Somma Vesuviana is a town and commune in the Metropolitan City of Naples, Italy. During the Roman period, the area was a resort for rich patricians of Rome, or for rich estate owners who constructed large villa complexes.

Excavations in the Nola area during the 1930’s uncovered a large Roman villa interpreted as the Villa of Augustus, which has been subject to ongoing archaeological investigations since 2002.

The villa actually dates from the 2nd century AD, however, more recent studies have discovered traces of a building in a lower context that dates from around the reign of Augustus.

Image Credit : UTokyo Foundation

Gaius Julius Caesar Augustus (born Gaius Octavius), was Roman emperor from 27 BC until his death in AD 14. He is credited as being the founder of the Roman Empire and the Principate system of government which lasted until the Crisis of the Third Century.

According to accounts by Tacitus and Suetonius, Augustus died in a villa located on the northern side of Mount Vesuvius, which was later consecrated as a temple for his Imperial cult.

Archaeologists used radiocarbon dating and a physical and chemical analysis of the volcanic pumice layers covering the earlier building, the results of which confirmed that the building predates the Vesuvian eruption in AD 79 which destroyed Pompeii and Herculaneum.

The eruption released a deadly cloud of super-heated tephra and gases to a height of 33 km, ejecting molten rock, pulverised pumice, and hot ash at 1.5 million tons per second.

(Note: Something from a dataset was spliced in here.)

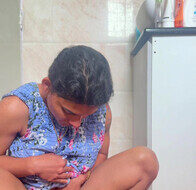 aj99zbl9m116 Resmi Nair Taking a Piss ~ App Content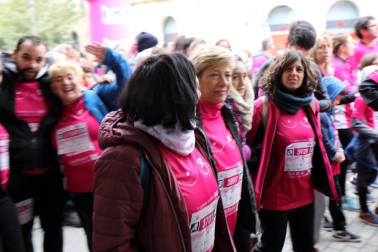 Más de 12.000 personas han participado este domingo en la VII carrera solidaria contra el cáncer de mama en Pamplona, organizada por Saray.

Excavations within the building have uncovered pieces of walls and roof tiles that collapsed due to pyroclastic flows as the volcanic material travelled down the northern side of the volcano.

According to a press statement by the University of Tokyo: “This suggests that even the northern foothills of Mount Vesuvius, where the effects of the AD 79 eruption were said to have been less severe than the southeastern region of the mountain, were also affected by the eruption with destructive power.”

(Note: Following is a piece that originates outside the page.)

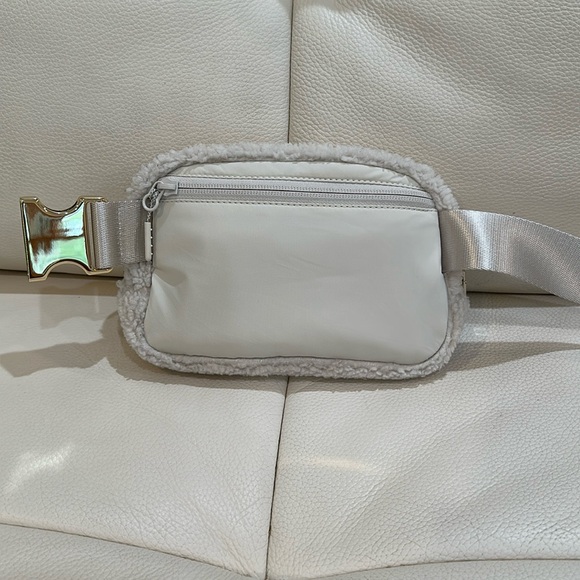 are lululemon belt bags still in style 2024 This new Lululemon belt bag is the perfect shade of pink  shoppers love it  for 'spring and summer outfits'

To further support the supposition of the building being the Villa of Augustus, the team conducted the same physical and chemical dating of volcanic material on adjacent buildings associated with the early villa complex.

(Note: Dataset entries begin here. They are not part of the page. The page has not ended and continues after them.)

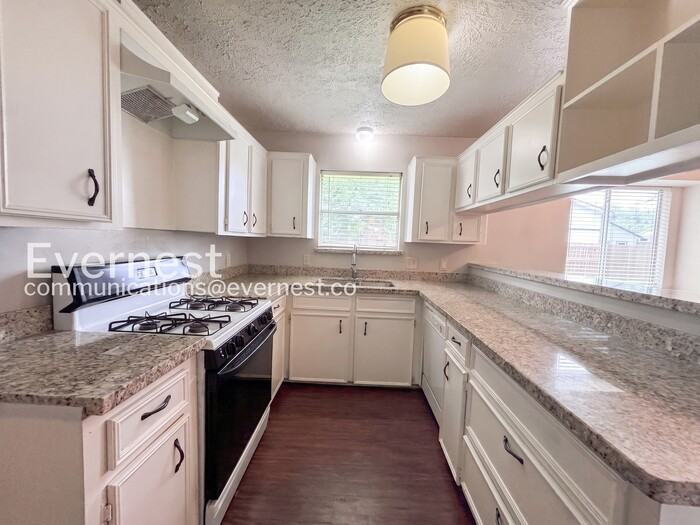 3615 Country Rd - Photo 3 of 27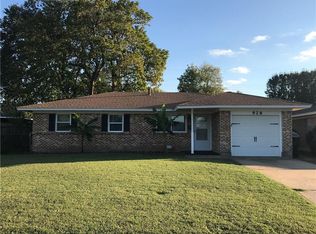 928 Brown Dr, Midwest City, OK 73110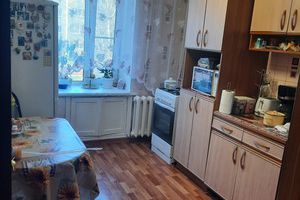 Продам квартиру 3-х комнатную с общей площадью 64м2, 3/9 эт., на улице Пионерская ул, г. Алексин, Тульская обл., Россия, агентство Интернет-партнер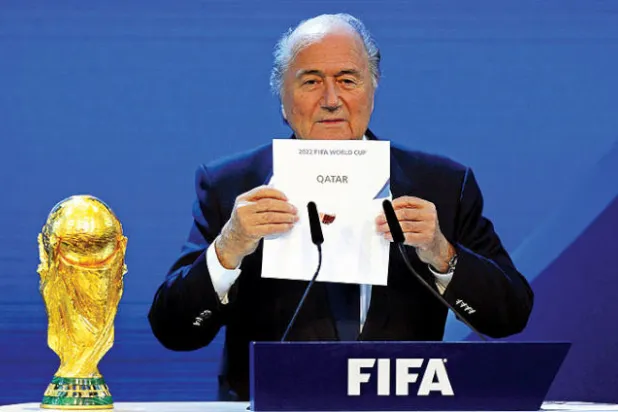 بلاتر يعلن في 2010 فوز قطر باستضافة مونديال 2022 (إ.ب.أ)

Furthermore, radiocarbon dating of charcoal collected from the ruins of a “kiln”-like structure has dated the material to the early 1st century AD. The discovery of 1st century AD amphorae within the ruins indicate that the “kiln”-like structure was later converted into a warehouse before the eruption.

Studies of the 2nd century building has also revealed that it reused architectural features from the earlier building, demonstrating a transition from “disaster” to “reconstruction” in the area around Mount Vesuvius.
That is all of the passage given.